Codificar la fanny en el reglamento sería probablemente una mala idea. La convertiría en una obligación, cuando su fuerza reside justamente en su carácter voluntario. Una tradición impuesta pierde su encanto y se convierte en una tarea ingrata.
4.Tabla recapitulativa: tradición vs reglamento
He aquí una comparativa clara entre lo que compete a la tradición pura y lo que compete al reglamento oficial:
| Elemento | Tradición de club | Reglamento FFPJP |
|---|---|---|
| Resultado 13 a 0 = fanny | Sí | No mencionado |
| Obligación de besar la fanny | Sí (folclore) | Ninguna obligación |
| Sanción en caso de rechazo | Burlas amistosas | Ninguna |
| Ronda de los perdedores | Sí (variante) | No codificado |
| Resultado 13 = victoria oficial | Sí | Sí (artículo 21) |
| Inscripción en el tablero | Si el club lo exige | No requerido |
5.La fanny en competición oficial: ¿qué pasa realmente?
En competición oficial de la FFPJP, el resultado 13 a 0 es registrado normalmente en la hoja de partido. El estatus de fanny no tiene ninguna incidencia en las clasificaciones, ni en los puntos federales, ni en la clasificación para la siguiente ronda. Es matemáticamente idéntico a un 13-1, 13-5 o 13-12 — solo cuenta la victoria.

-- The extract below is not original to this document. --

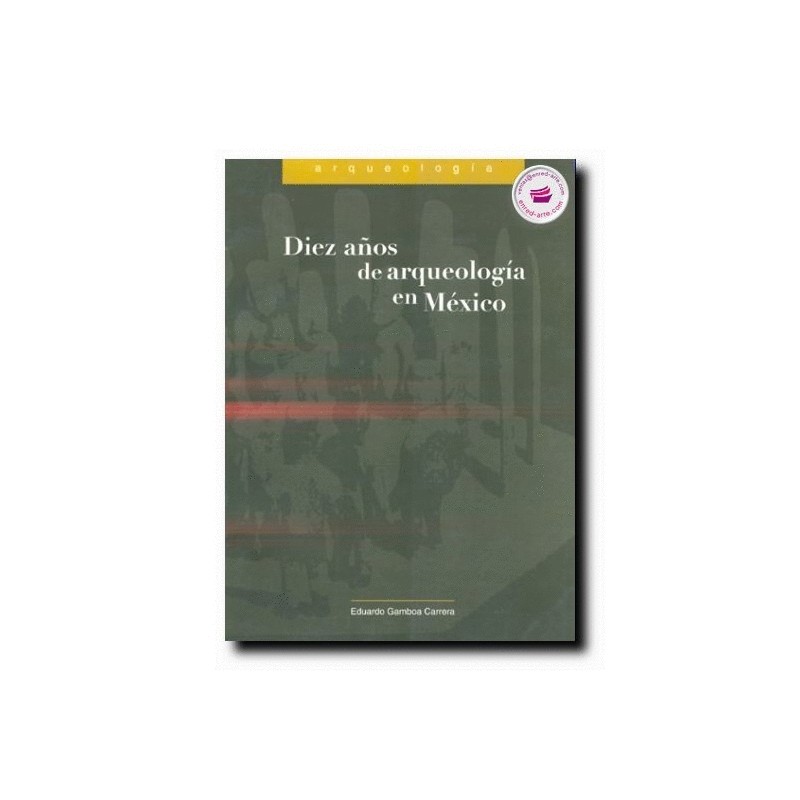 DIEZ AÑOS DE ARQUEOLOGIA EN MEXICO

El ritual simbólico se desarrolla, cuando tiene lugar, después del final de la partida, al margen del concurso. Ningún árbitro tiene que intervenir. Si una fanny dispone de un trofeo simbólico en el boulodrome (pintura, estatuilla), es libre de exhibirlo o no — sin ningún valor oficial.
6.¿Se puede negarse a besar la fanny?
Sí, totalmente. Ninguna regla, ninguna sanción, ninguna obligación. Rechazar el ritual no hace correr ningún riesgo deportivo o disciplinario. La única consecuencia será social : los jugadores habituados al ritual podrán burlarse amablemente, el club podrá inscribir su nombre en un tablero de las fannys que han huido. Nada más.

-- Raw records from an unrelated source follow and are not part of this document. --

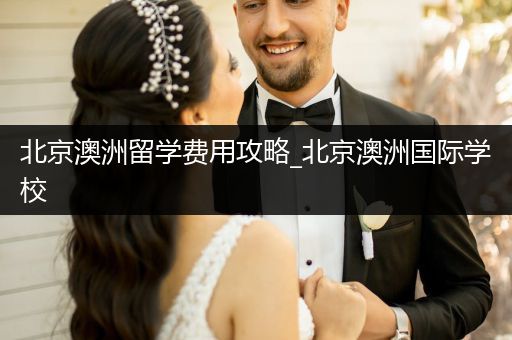 北京澳洲留学费用攻略_北京澳洲国际学校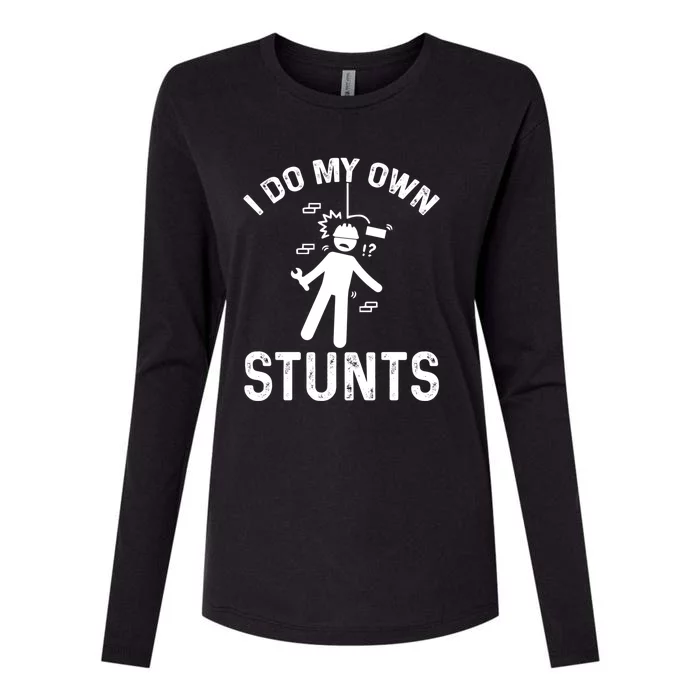 I Do My Own Stunts Funny Injury Get Well Soon Gift Womens Cotton Relaxed Long Sleeve T-Shirt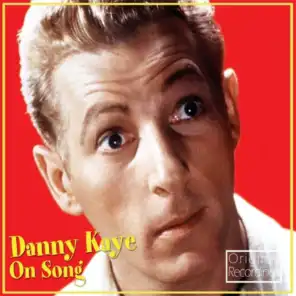 Danny Kaye On Song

Cada vez más clubes modernizan o abandonan la tradición para respetar la sensibilidad de todos los jugadores. Algunos la sustituyen por otros gestos (un beso a la estatuilla de Saint-Boules, una ronda pagada, un gesto burlesco). El reglamento no impone nada — cada cual hace según las costumbres del lugar.

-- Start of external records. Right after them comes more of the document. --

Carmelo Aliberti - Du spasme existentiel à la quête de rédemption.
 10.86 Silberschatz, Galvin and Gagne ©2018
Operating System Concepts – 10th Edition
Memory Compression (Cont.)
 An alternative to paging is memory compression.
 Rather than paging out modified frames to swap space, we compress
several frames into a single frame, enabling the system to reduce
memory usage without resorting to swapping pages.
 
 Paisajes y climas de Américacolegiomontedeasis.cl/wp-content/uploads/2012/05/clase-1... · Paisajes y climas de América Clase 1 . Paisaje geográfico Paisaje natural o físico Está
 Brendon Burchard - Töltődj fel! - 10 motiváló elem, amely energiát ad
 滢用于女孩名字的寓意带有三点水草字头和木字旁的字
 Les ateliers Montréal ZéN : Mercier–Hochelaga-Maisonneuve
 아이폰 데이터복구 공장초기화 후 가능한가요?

7.Variantes regionales del ritual
La fanny toma formas diferentes según las regiones:
- Provenza y Costa Azul : pintura clásica sobre madera, beso simbólico, a veces ronda ofrecida.
- Suroeste : tradición de la pitchoune fanny, más humorística, con disfraz a veces.
- Auvernia-Ródano-Alpes : estatuilla en cerámica, gesto más discreto, ronda sistemática.
- Bretaña y Norte : versión a menudo simplificada, simple prenda humorística sin pintura.
- Concursos nacionales e internacionales : tradición a menudo abandonada por preocupación de neutralidad cultural.
La fanny es folclore, no reglamento. Si te llevas una fanny en tu club, juega el juego con una sonrisa: crea recuerdos y cohesiona al grupo. Si la tradición te incomoda, recházala con cortesía — ningún árbitro te lo reprochará. El espíritu de la pétanque es ante todo el placer compartido, no la obligación.
Para profundizar en las particularidades del reglamento, consulta también nuestro artículo sobre los casos límite bolas fuera del terreno y nuestro dossier reglas poco conocidas. Nuestros herramientas gratuitas completan el aprendizaje del reglamento.
Mantener la convivencia de un club también significa poder financiar su vida asociativa. Esta guía muestra cómo encontrar patrocinadores locales, organizar concursos rentables y preservar las tradiciones del club (como la fanny) a largo plazo.